Le tremblement de terre qui a frappé le Chili a été 50 fois plus fort que celui d’Haïti (en intensité et en durée). La secousse, d’une magnitude de 8,8 sur l’échelle de Richter et d’une durée de 2,7 minutes dans la ville de Concepcion, est classée comme sixième tremblement de terre le plus fort en intensité parmi tous ceux recensés sur la planète depuis que les mouvements telluriques sont scientifiquement mesurables. Les disparus se comptent par centaines, il restent toujours des personnes sous les décombres et le nombre de morts est encore incertain.

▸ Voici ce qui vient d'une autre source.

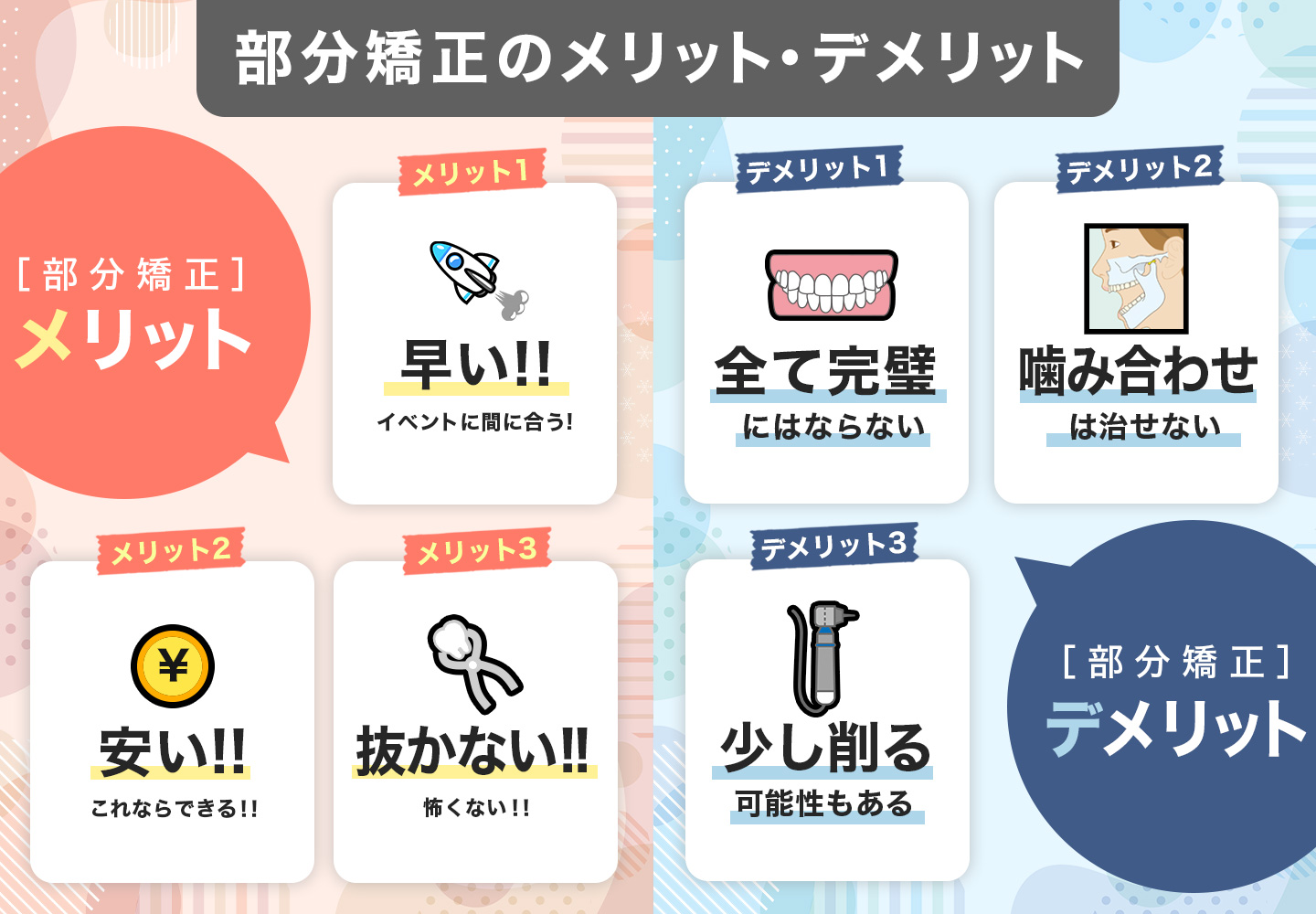 部分矯正のメリットとデメリット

Compte tenu de la magnitude du phénomène, le bilan de cette tragédie s’avère moins sévère qu’on aurait pu le penser en ce qui concerne le nombre de morts et l’état des survivants (séquelles physiques et psychologiques). La menace d’un séisme fait partie du paysage du peuple chilien. Mais la situation est tout autre lorsqu’il s’agit de considérer l’impact social. Les habitants d’un même pays n’ont pas tous les mêmes opportunités d’évolution, d’essor, de développement personnel ; en somme, ils n’ont pas tous les mêmes conditions de vie, et cela est devenu monnaie courante dans la société moderne. Ce sont l’argent et les biens qui déterminent si un être humain vivra ou non.

Et nous en sommes témoins ces derniers jours. Les dégâts causés par le tremblement de terre ne sont pas seulement liés à la proximité par rapport à l’épicentre, mais également au type de construction des habitations et au quartier où elles sont établies. Ce n’est pas sans raison si, à Santiago, le quartier des maisons communautaires et celles en pisé a été beaucoup plus touché ; ce quartier vanté « quartier des artistes » par l’industrie du tourisme, comme c’est aussi le cas pour San Telmo à Buenos Aires, pour Lavapies à Madrid ou pour Arbat à Moscou.

Dans le sud du Chili, il y a eu ces deux facteurs : l’épicentre du phénomène naturel et de plus la non prévision sociale. Que la société chilienne soit divisée socialement n’est pas une nouveauté. En effet, – et c’est une chose positive- le nombre de personnes pauvres a considérablement baissé. Cependant, la brèche sociale s’est amplifiée et dans ce fossé sont tombés le système de santé et le type de construction des logements (primordial pour les mouvements de plaques comme ceux qui ont eu lieu), ainsi que l’éducation et d’autres droits insatisfaits.

L’assistance de l’État suit le modèle de l’inégalité instituée. Alors que dans les foyers avec un bon revenu il ne manque ni eau, ni alimentation, ni prestation sanitaire, à Conception et à Talacahuano, ceux qui mangent sont ceux qui parviennent à ouvrir les portes des supermarchés (Wal Mart a été la branche la plus frappée) et à emporter des marchandises de première nécessité.
À Concepcion, il n’y a ni eau, ni électricité – l’essence et le gaz sont coupés par précaution -, et le gouvernement n’arrive pas à donner des réponses. Les routes détruites empêchent le transport routier des marchandises, les aéroports ne sont pas opérationnels, et quant à la voie maritime, on n’a pas d’information pour l’instant. Jusqu’à maintenant, la réponse apportée reste primaire : la présence de forces de police (carabiniers) pour empêcher les pillages ou pour protéger la propriété privée et empêcher que les nécessiteux aient de l’eau et de quoi manger.

La présidente Michelle Bachelet était avec le peuple dès les premières heures et cette nuit, elle a promis « la distribution gratuite de tous les produits de première nécessité ». Elle a également déclaré l’« état d’exception de catastrophe » pour 30 jours dans deux régions du sud : Bio Bio et Maule. Le peuple, qui s’est montré d’un courage exceptionnel face à l’adversité, croit en ses paroles.

La nature n’a pas d’intention, mais ses tensions et ses modifications internes mettent à l’épreuve la capacité humaine à apporter des solutions. C’est un défi à affronter en parallèle avec la recherche d’action vers une nouvelle mentalité : dans ce cas, la solidarité internationale pourrait faire en sorte d’éviter que le plus dur ne tombe sur les épaules des plus faibles.